The proofs on the subjects of testing and warning may differ, depending on whether the manufacturer or distributor is identified or whether part of an unexculpated group. Where there is identity, a plaintiff can focus on the specific practices and procedures of that particular defendant, probably elicited through discovery, especially where she is not in a position to say what warnings were actually communicated to her mother's doctor.
On the other hand, where the defendants are part of an unexculpated group, disparate practices and procedures of one defendant are not admissible for there would be no way of knowing whether they were the warnings actually given in a particular case. In such a situation, a plaintiff will be limited to that conduct of defendants which was identical as to all or, in the alternative, she will have to produce proof of the specific warnings given in her case. In the latter event each defendant thereby will have an additional opportunity to exculpate itself by showing, for instance, that the warning given in the specific case was not the type of warning that it ever gave and consequently it could not have been the manufacturer.
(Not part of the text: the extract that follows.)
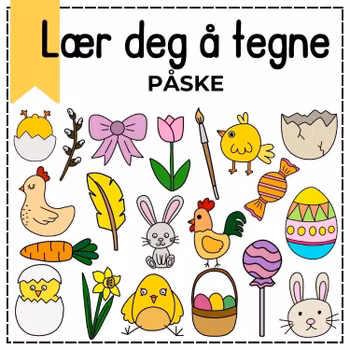 Lær deg å tegne - påske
I am mindful that the views expressed in this opinion are novel and represent an extension of existing decisional law in New Jersey. I conclude, however, that the balance of equities requires more than a sterile application of precedents. Wholly faultless plaintiffs should not be rejected merely because no other court in this State has as yet considered the legal questions raised against the factual backdrop we have here.
All defendants who believe they are entitled to exculpation on facts as to which they assert there is no genuine dispute shall file motions for judgment pursuant to R. 1:6-2 in accordance with and in the time period set forth in the order that accompanies this opinion.